We condemn the attitude of the respondents and their counsel who far from viewing courts as sanctuaries for those
who seek justice, have tried to use them to subvert the very ends of justice.

Forgetting his sacred mission as a sworn public servant and his exalted position as an officer of the court, Atty.
Luison has allowed himself to become an instigator of controversy and a predator of conflict instead of a mediator
for concord and a conciliator for compromise, a virtuoso of technicality in the conduct of litigation instead of a true
exponent of the primacy of truth and moral justice.

Issue: WON Atty. Luison violated Canon 1.03 (A lawyer shall not, for any corrupt motive or interest, encourage
any suit or proceeding or delay any man’s cause.)
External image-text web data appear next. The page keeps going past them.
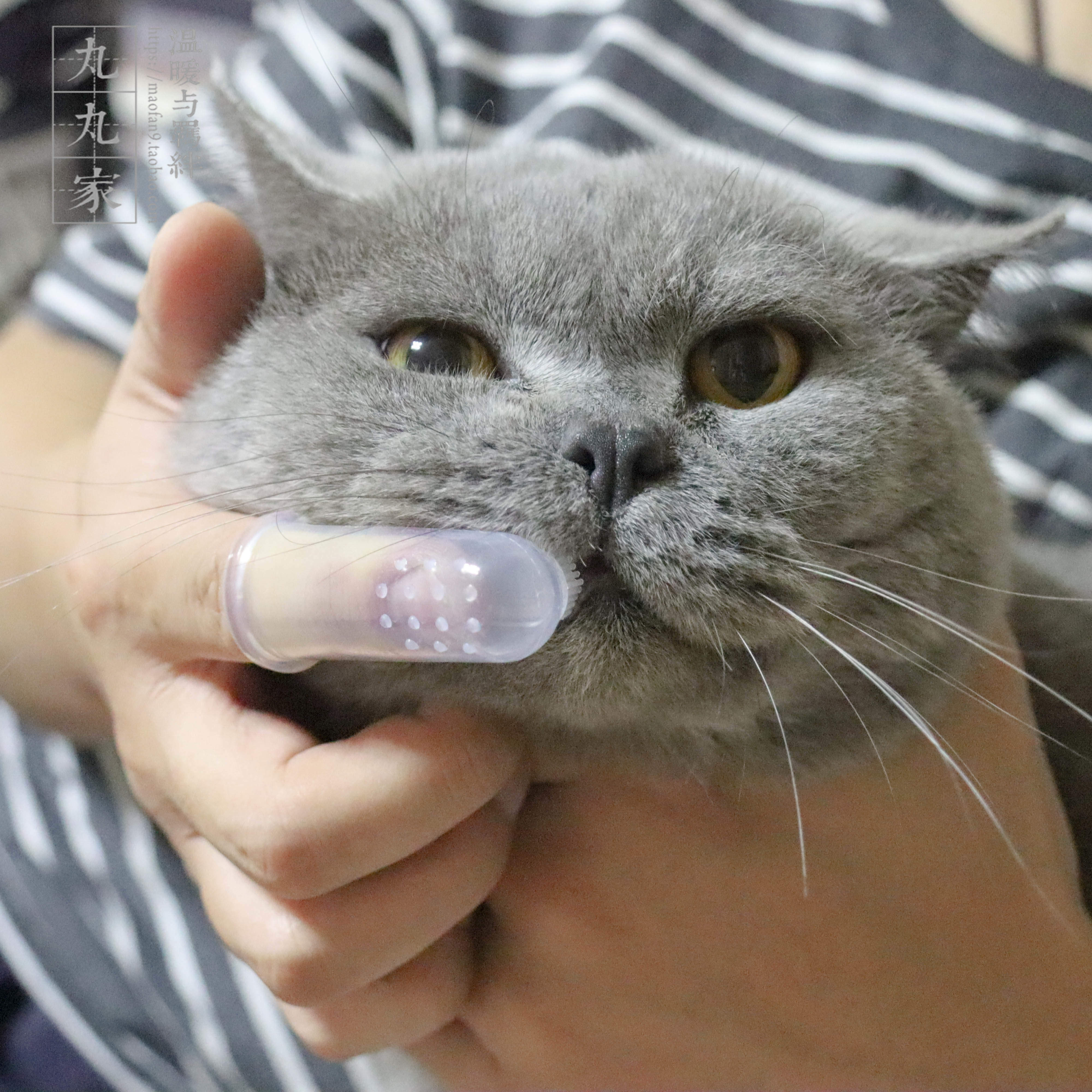 丸丸家 猫咪牙刷指套刷牙按摩手指套宠物牙齿口腔清洁猫除口臭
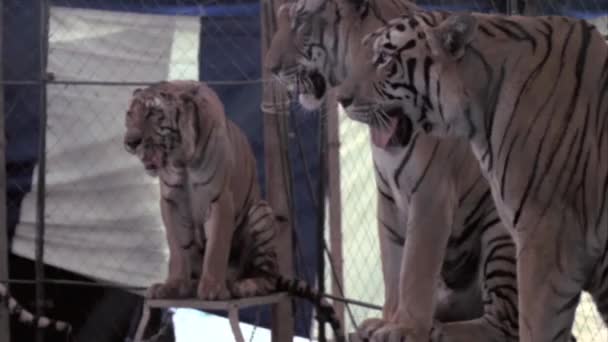 サーカスでトラと共演するリングマスター — ストック動画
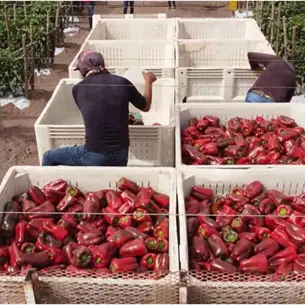 Heladas en Florida dan esperanza a horticultores de Sinaloa: esperan repunte en precios de exportación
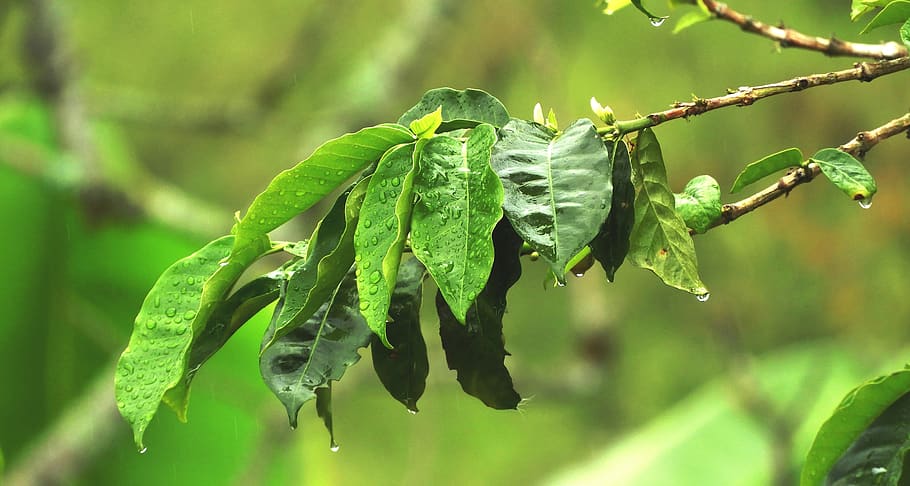 nature, tree, leaves, guatica, green color, leaf, plant part HD wallpaper
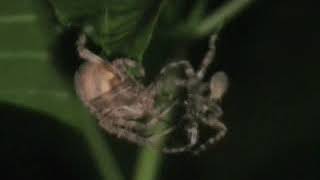 Spiders Mating [upl. by Remo]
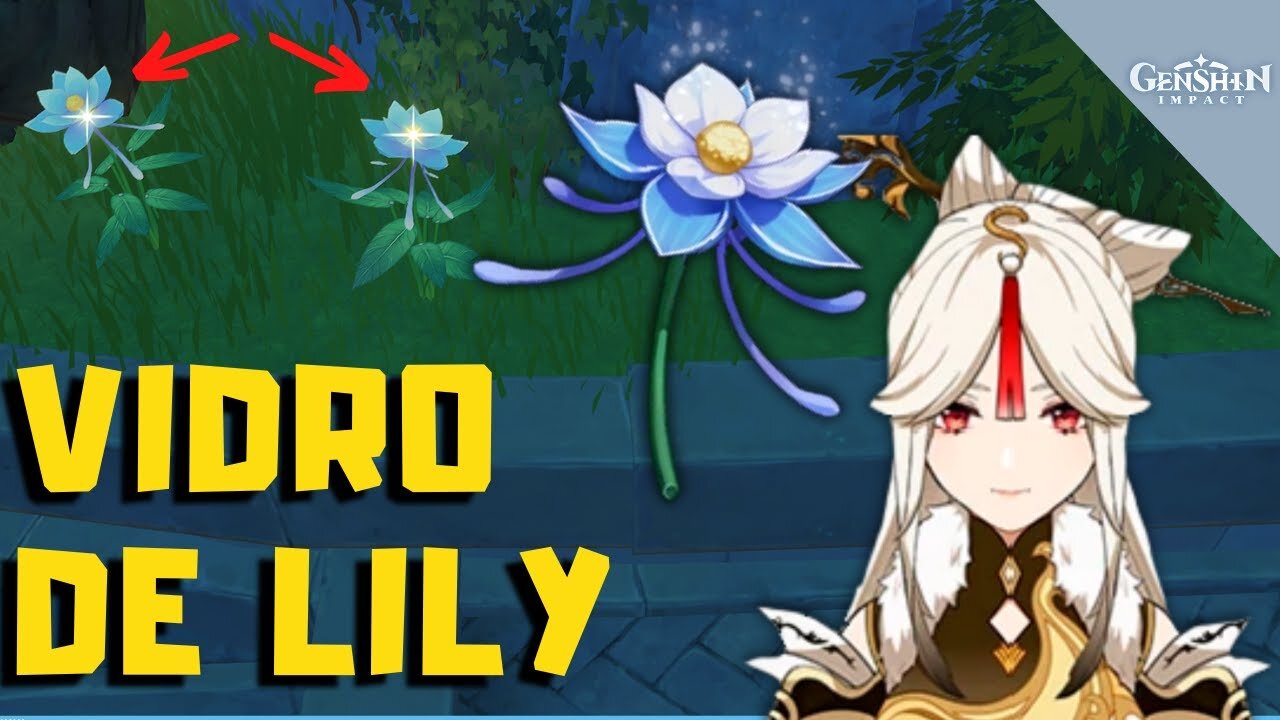 Rota de farm de Vidro de Lily (Glaze Lily) - Genshin Impact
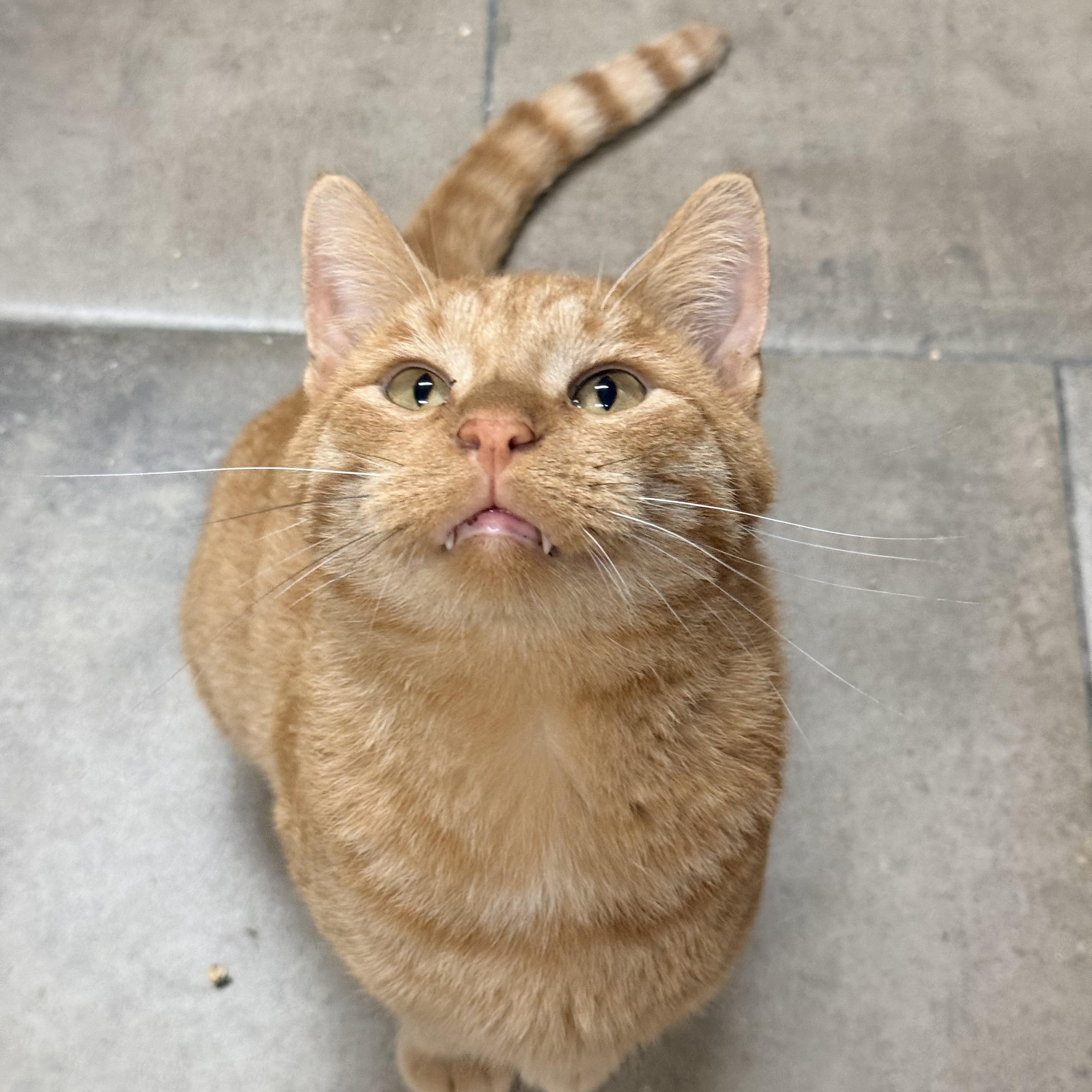 Enlarge Felix, a Adoptable Domestic Short Hair in Solon, IA image 3/4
Held: A counsel's assertiveness in espousing with candour and honesty his client's cause must be encouraged and is
to be commended; what we do not and cannot countenance is a lawyer's insistence despite the patent futility of his
client's position, as in the case at bar.

It is the duty of a counsel to advise his client, ordinarily a layman to the intricacies and vagaries of the law, on the
merit or lack of merit of his case. If he finds that his client's cause is defenseless, then it is his bounden duty to
advise the latter to acquiesce and submit, rather than traverse the incontrovertible. A lawyer must resist the whims
and caprices of his client, and temper his client’s propensity to litigate. A lawyer's oath to uphold the cause of justice
is superior to his duty to his client; its primacy is indisputable.